Australian ballet dancer, actor and artist

Joan Margaret Anne Gadsdon (23 April 1923 – 12 October 2003) was an Australian ballet dancer, actor and artist. She was one of the pioneers of early Australian ballet in the 1940s, performing with the newly established Kirsova and Borovansky ballet companies. After emigrating to Great Britain she achieved minor theatrical fame in 1953 in London by stepping in at the last moment to save the famous British stage musical The Boy Friend from almost certain oblivion. She continued to appear to some acclaim in the show in its West End run before retiring from the stage in 1959.

==Early life==

Joan Gadsdon was born in Lithgow, New South Wales, Australia on 23 April 1923, the second of four children of James Boswell Gadsdon, a steelworker, and his wife Josephine Elizabeth Gadsdon née Fairhall. The family was working class and often poor.

On leaving school with no qualifications at the age of 12, she was increasingly ambitious to train to be both an artist and a dancer, but filled time with a succession of low-paid jobs. She was 14 when the family moved to Sydney. She then began dance training at the studio of Mischa Burlakov, a Ukrainian who had once worked with the Pavlova Ballet Company. Gadsdon later maintained that the standard of Burlakov's training was low, but through the studio she made her first theatre appearance in two solos in a one-night ballet performance at the Sydney Conservatorium of Music in December 1941 as well as appearing in a number of weekly cabaret shows. She was not paid for this work.

To earn money, Gadsdon worked as retoucher of negative plates in a photographer's studio. At the same time, as well as her ballet classes, she began training at the art studio of Hayward Veal, where, showing much natural talent, she learned to paint portraiture and still-life.

In 1942 she attended a performance of the Kirsova Ballet at the Minerva Theatre, Sydney and was transfixed. "The curtain went up," she later recorded, "and the dancers moved downstage, their fluffy white dresses bathed in a soft blue light. I wanted to be like them." Gadsdon auditioned for the company and was accepted.

==Australian ballet==

The Kirsova Ballet was established in Sydney in 1941 by Hélène Kirsova, a founding member of the Ballets Russes de Monte-Carlo, as the first professional ballet company in Australia. Gadsdon started with the company, in the corps de ballet, in 1942 at the age of 19. As well as dancing in the corps she performed occasionally as a minor principal. In doing so she became one of the pioneers of Australian ballet, playing an important role in exposing Australians to the art form, along with Kirsova's leading principal dancers Rachel Cameron, Strelsa Heckleman, Peggy Sager and Paul Hammond. She stayed with the company for about 18 months as it toured Australia.

In 1944 the Kirsova company folded due to war-time financial constraints. With most of her fellow-dancers from the Kirsova company, Gadsdon joined the Borovansky Ballet company in August 1944. Founded by Czech-born Edouard Borovansky, this company eventually became the first national Australian ballet company, The Australian Ballet. Gadsdon performed with the company in Melbourne and Brisbane, and then on a six-month tour of New Zealand. The repertoire included Giselle, Swan Lake, Les Sylphides, En Saga, Capriccio Italien, Frederick Ashton's Façade, and Borovansky's symphonic fantasy, Vltava. In 1945, the company toured mainland Australia again with dates in Adelaide, Perth, Hobart and Sydney. This tour included an 8-month season in Melbourne featuring Le Carnaval, Schéhérazade and Le Beau Danube – as well as a new work by Borovansky, Terra Australis. Two musicals, The Dancing Years and Gay Rosalinda together with a number of short ballet seasons followed in Sydney and Melbourne.
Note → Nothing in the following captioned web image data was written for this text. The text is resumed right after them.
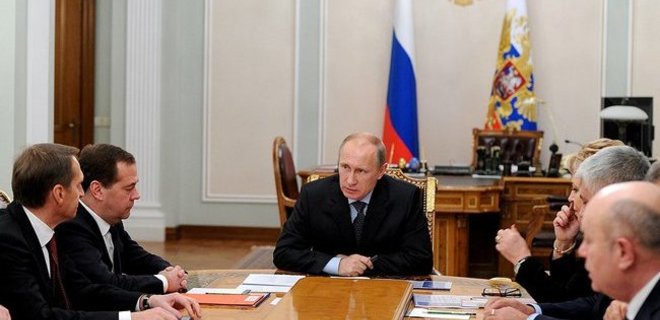 Путин собрал Совбез РФ из-за ситуации в Донбассе - Фото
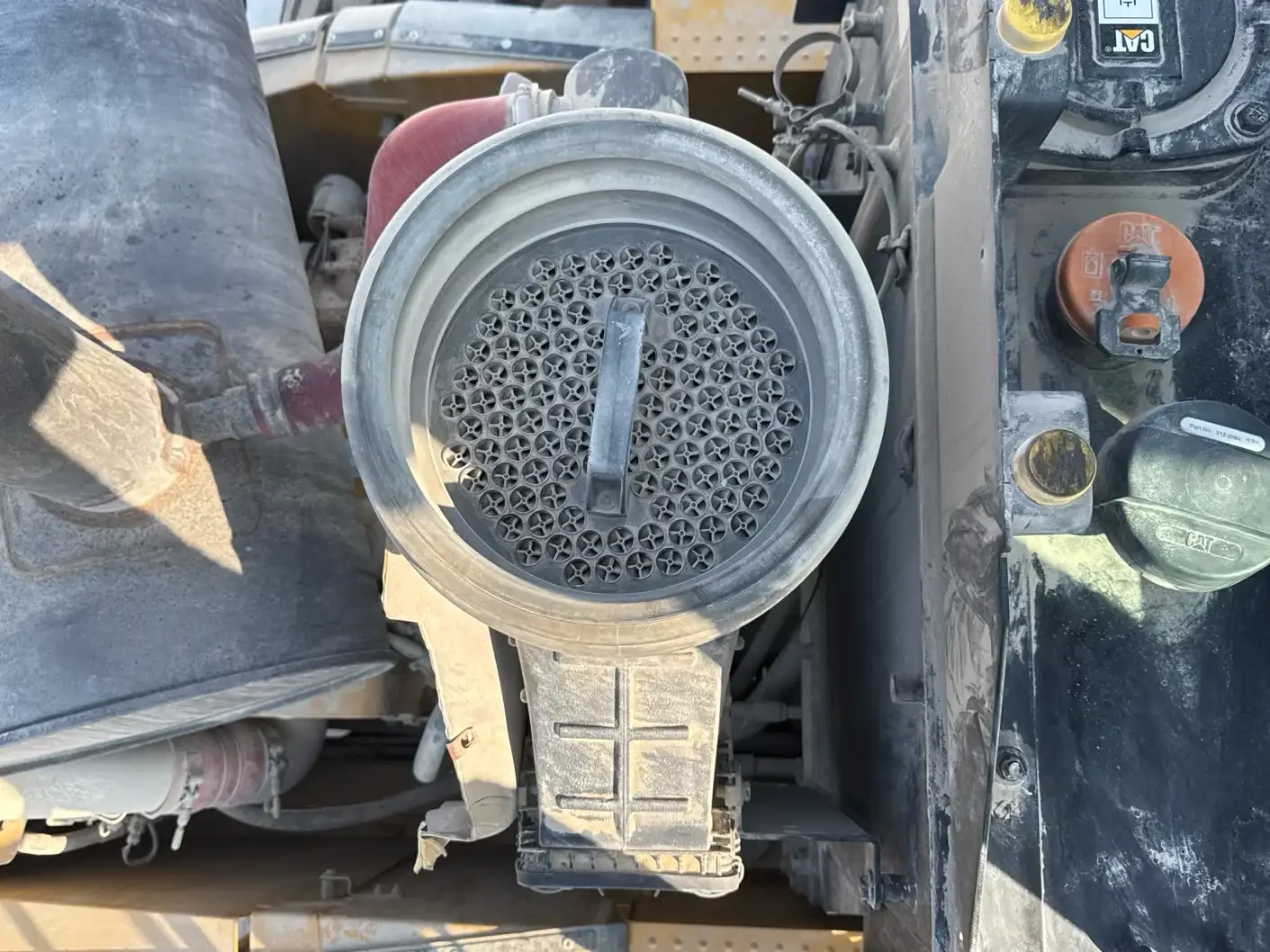 WHL-002-Cat-966L-wheel-loader-inspection-engine-air-intake-system-5
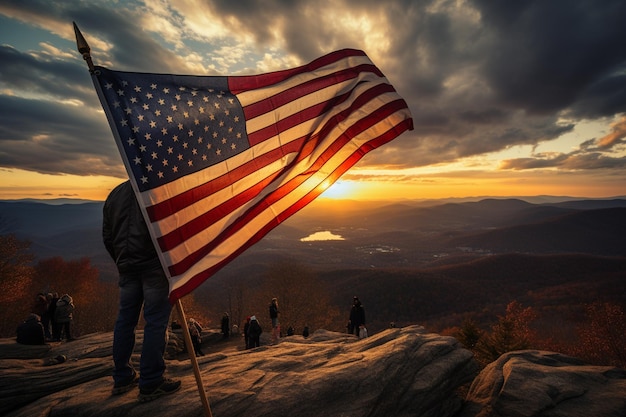 Le drapeau américain flotte fièrement au-dessus de la grande nation des États-Unis d'Amérique.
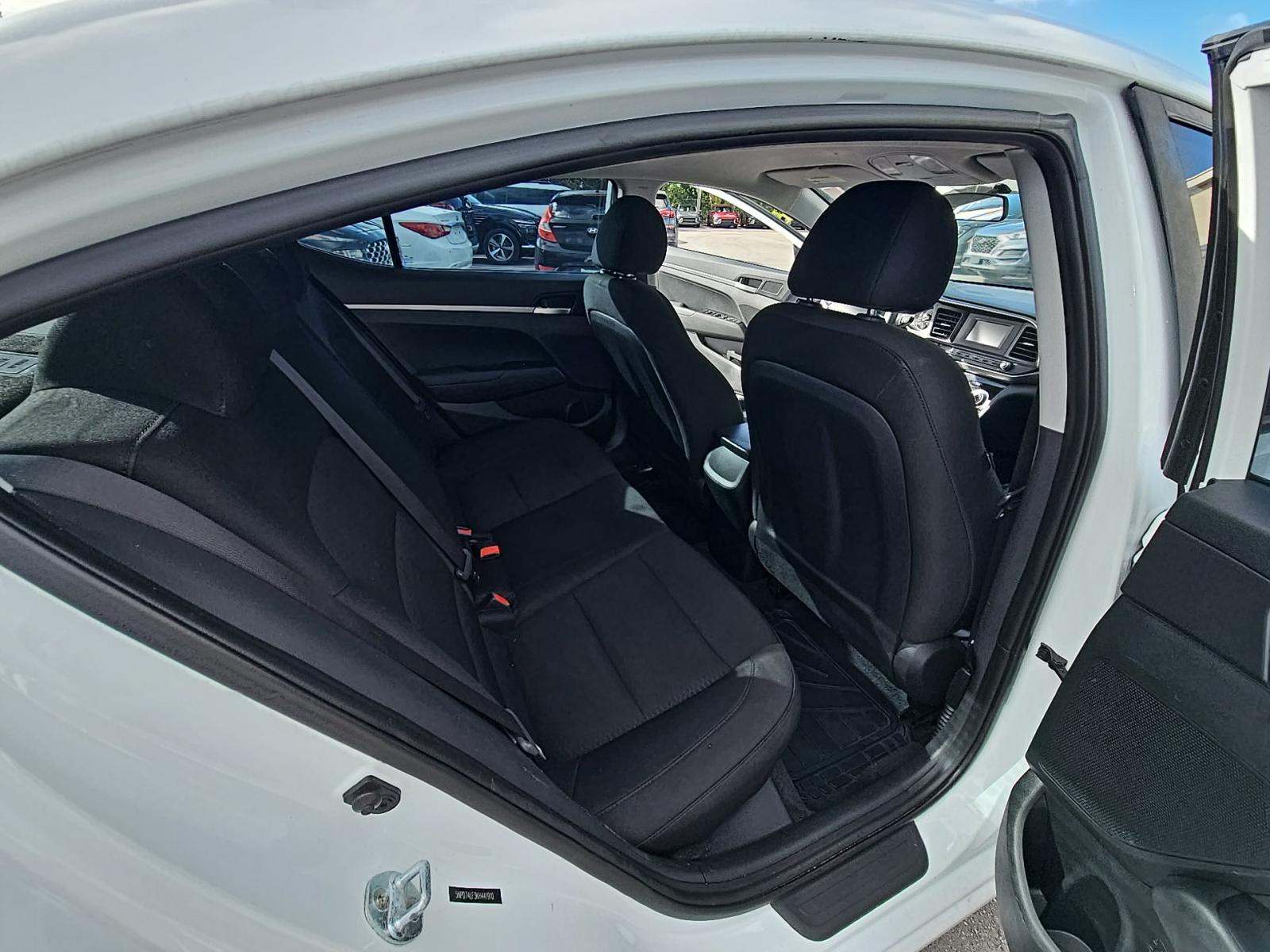 2019 Hyundai Elantra SE FWD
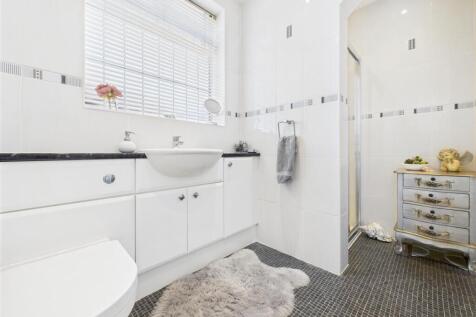 SHOWER ROOM/W.C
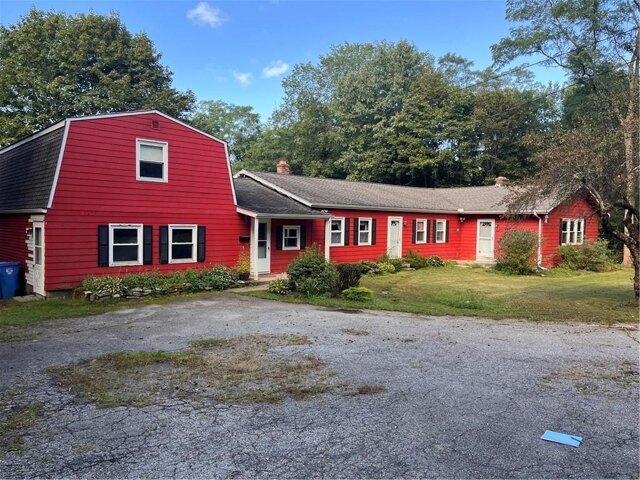 House for sale in Lincoln, Rhode Island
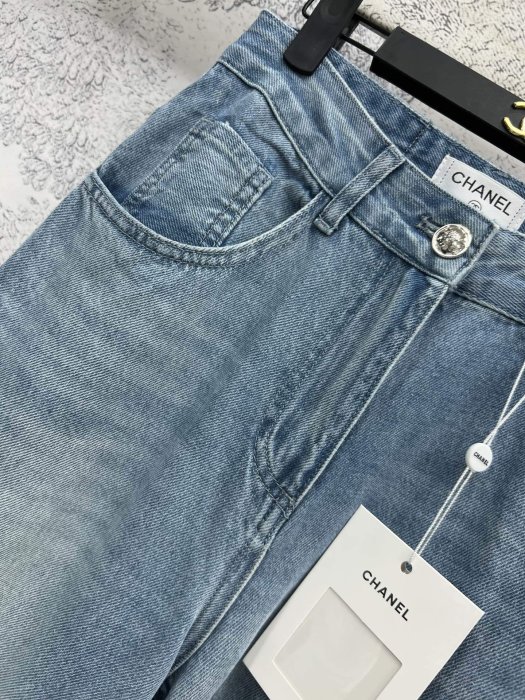 Джинсы женские фото 6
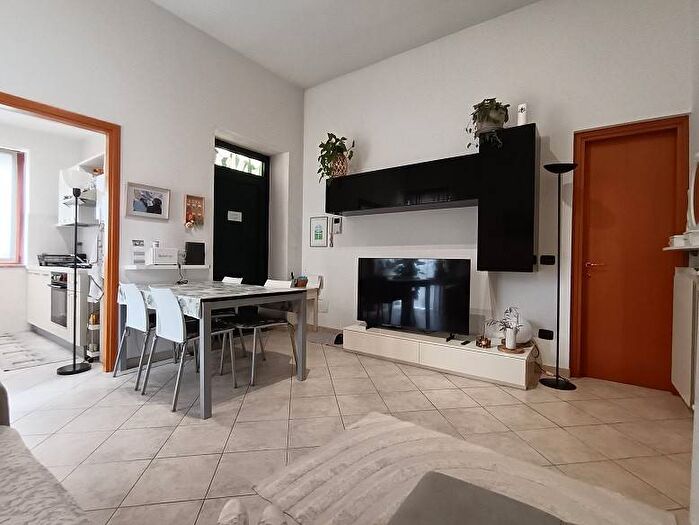 Appartamento trilocale in affitto in Piazza Alessandro Manzoni, San Michele, Busto Arsizio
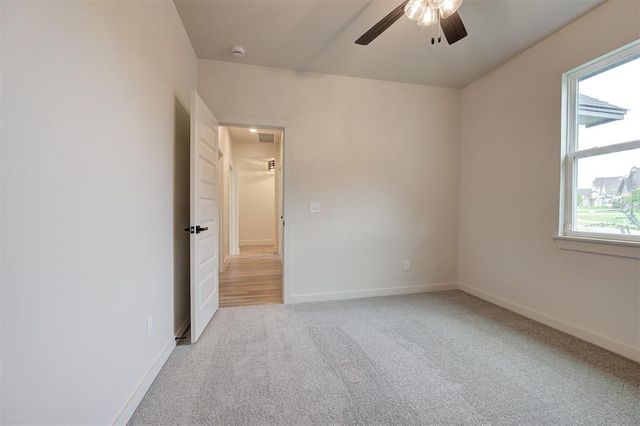 6016 Kinnick Drive, Edmond, OK 73034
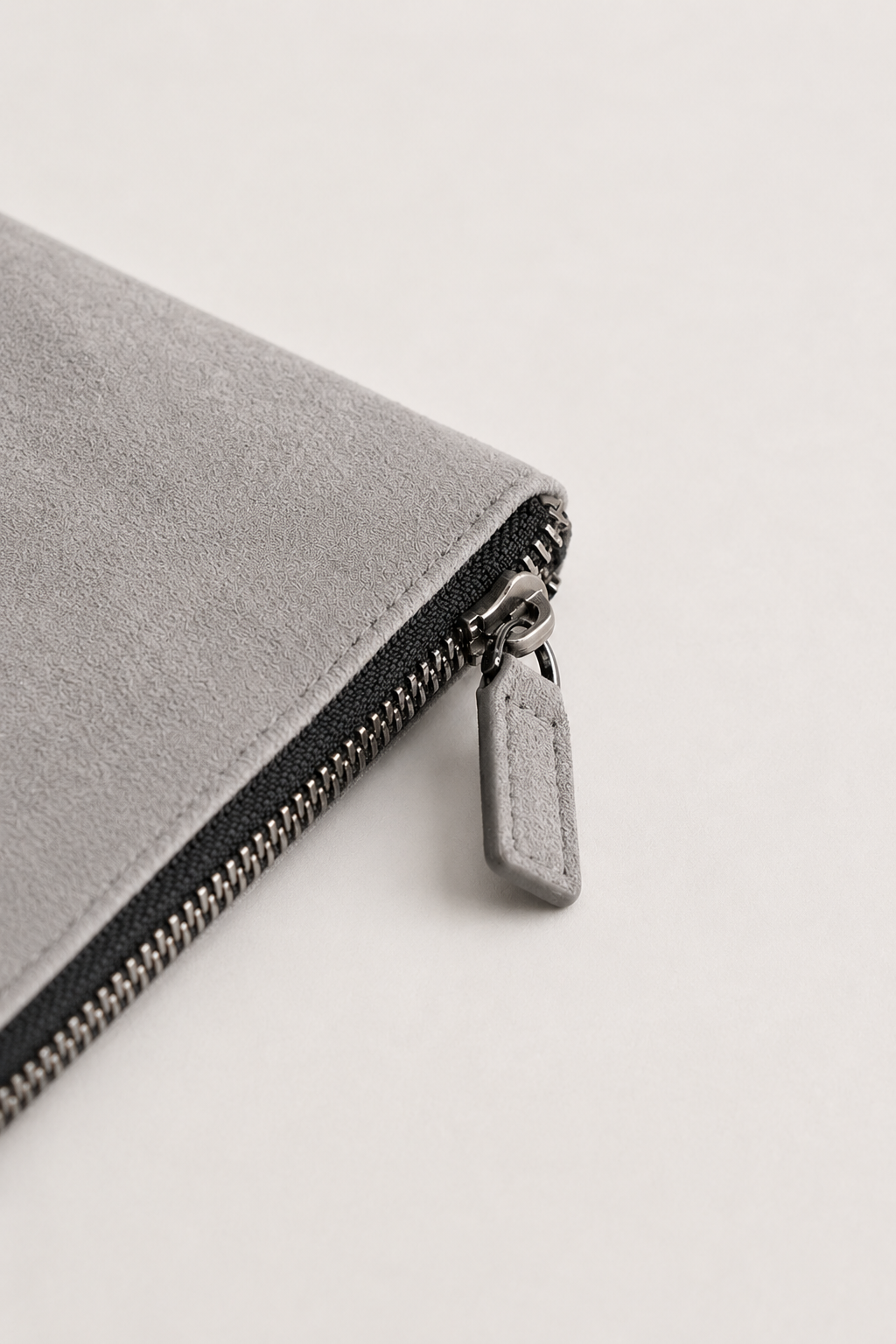 Alcantara Clutch Bag Mondstein Grau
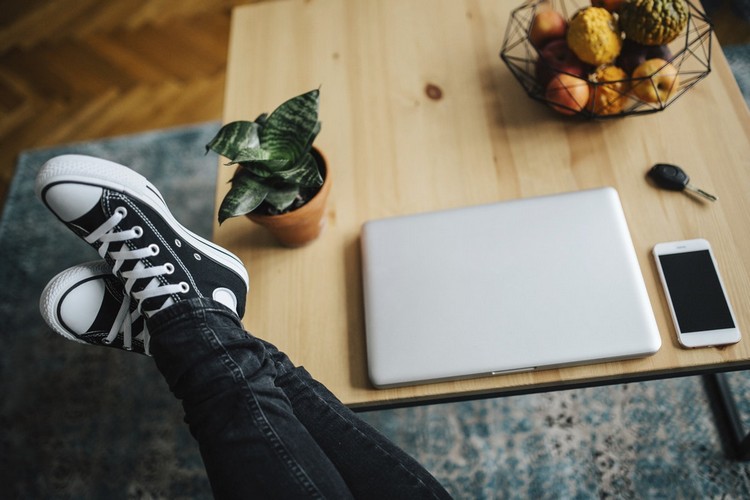 Sneaker sportiv elegant Design pantof modern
Seeking to advance her dancing career, Gadsdon left the Borovansky Ballet in October 1947 and sailed to England.

==England==

Gadsdon arrived in England towards the end of December 1947. By her own account, she was ill-prepared for a new life in Great Britain. "I was a semi-trained dancer with no qualifications for teaching. I was a painter with insufficient training for teaching. I could type, but not to a professional standard. I knew nothing about England, a country still on its knees after six years of war, I knew nothing about the English theatre and I had no influential friends in London. There were not many points in my favour."

==European ballet==

In London Gadsdon joined Mona Inglesby’s International Ballet, recognised as Britain's largest classical touring company. Soon after she joined, the company went on a five-month tour of the Midlands and Northern Ireland, playing the stages of large cinemas as well as conventional theatres, on a weekly basis, to regularly full houses. The repertoire included Masque of Comus, The Sleeping Beauty and Swan Lake. Performances in and around London followed.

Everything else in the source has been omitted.